### Your task:
Exact wording is required for every entry; transcribe all of them and leave the images out.

# # # # #

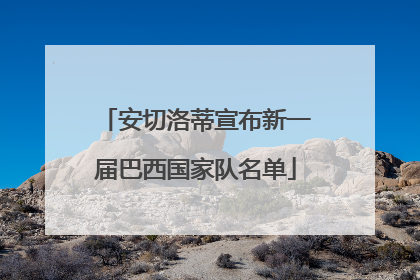 安切洛蒂宣布新一届巴西国家队名单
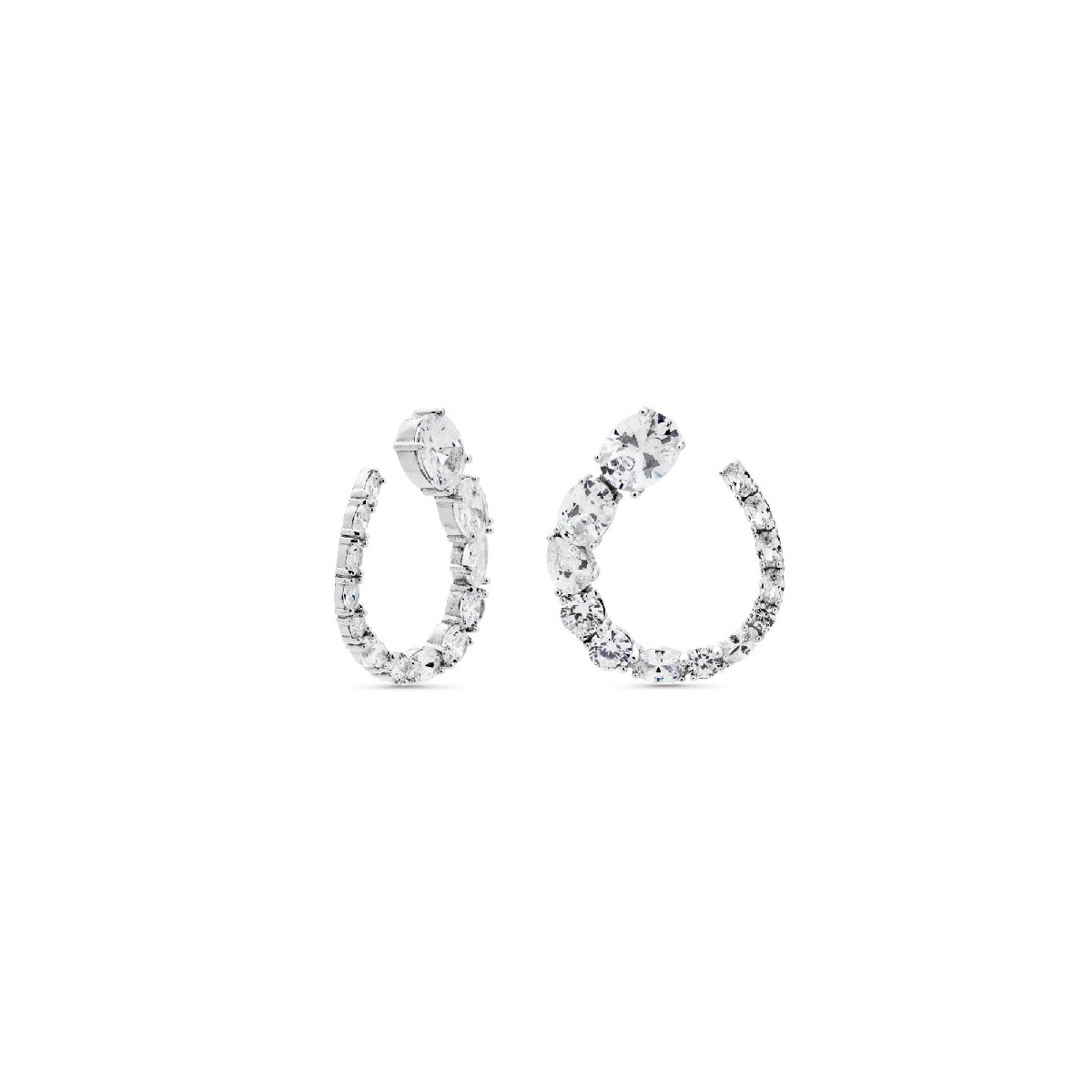 PENDIENTE OVAL PRESION CIRCONITAS - PE5384/04
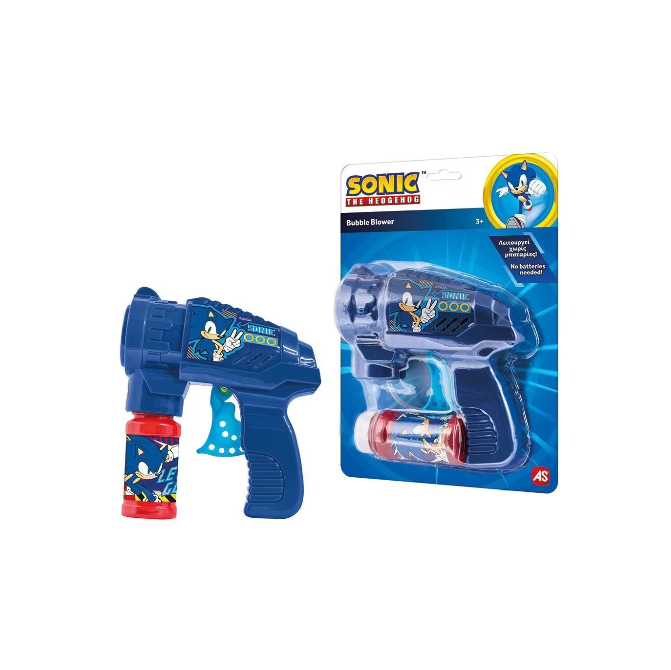 Pistola bolhas sabao - Sonic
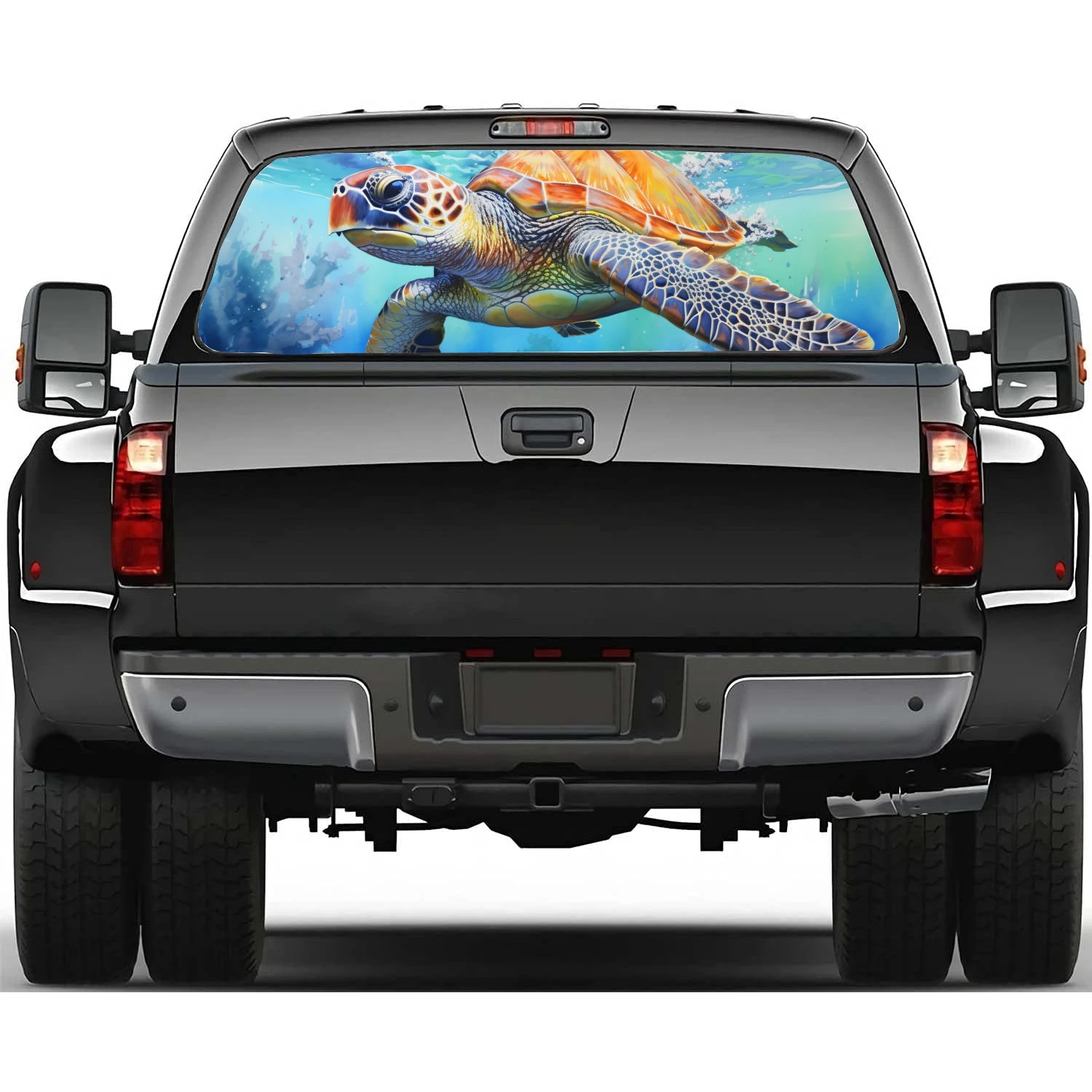 Прозрачная виниловая наклейка на заднее окно морской черепахи подходит для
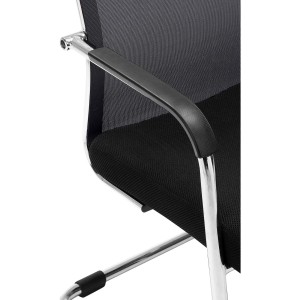 Silla de Confidente BREMEN en color negro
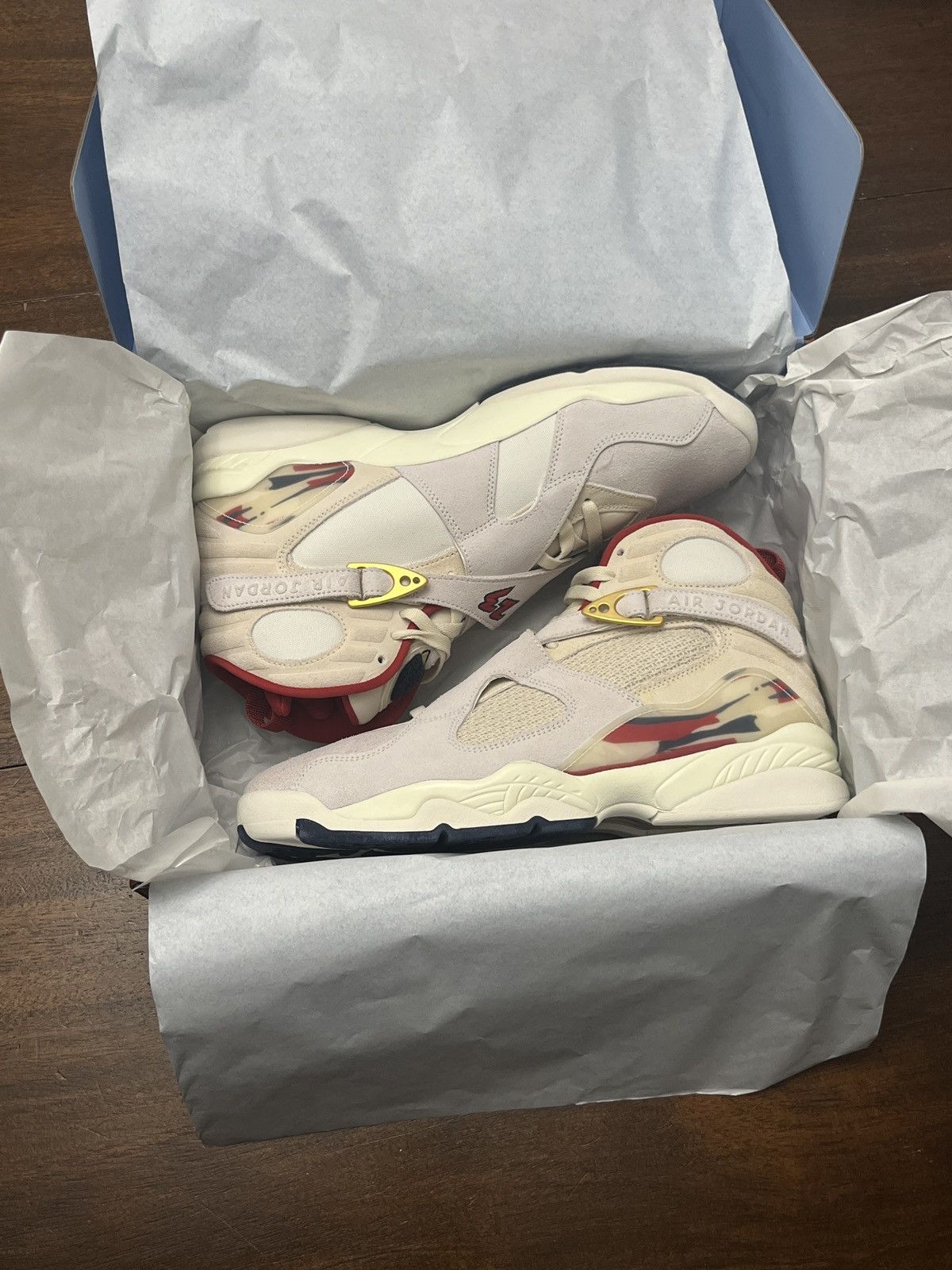 image of Jordan Nike Jordan 8 Retro Sp Solefly Mi Casa Es Su Casa Shoes in White, Men's (Size 11)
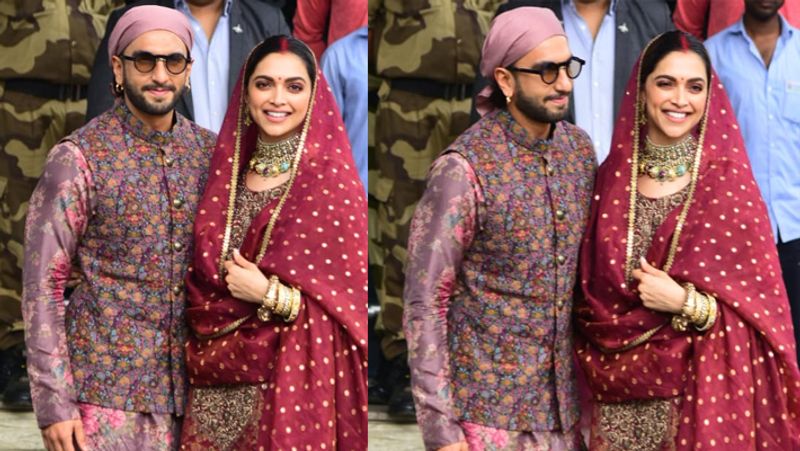 after a year of marriage Ranveer unable to remove his eyes from his wife Deepika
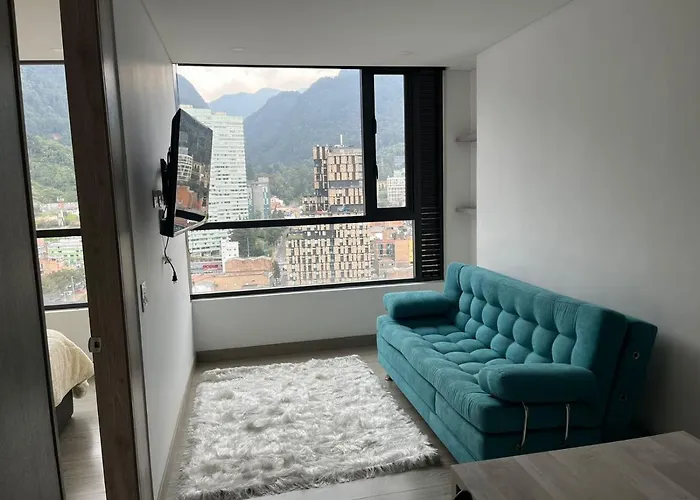 Acogedor Apartamento Centro Bogota Edificio Torre Barcelona Vista Monserrate Al Lado The Spot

# # # # #

### Solution to the problem:
 安切洛蒂宣布新一届巴西国家队名单
 PENDIENTE OVAL PRESION CIRCONITAS - PE5384/04
 Pistola bolhas sabao - Sonic
 Прозрачная виниловая наклейка на заднее окно морской черепахи подходит для
 Silla de Confidente BREMEN en color negro
 image of Jordan Nike Jordan 8 Retro Sp Solefly Mi Casa Es Su Casa Shoes in White, Men's (Size 11)
 after a year of marriage Ranveer unable to remove his eyes from his wife Deepika
 Acogedor Apartamento Centro Bogota Edificio Torre Barcelona Vista Monserrate Al Lado The Spot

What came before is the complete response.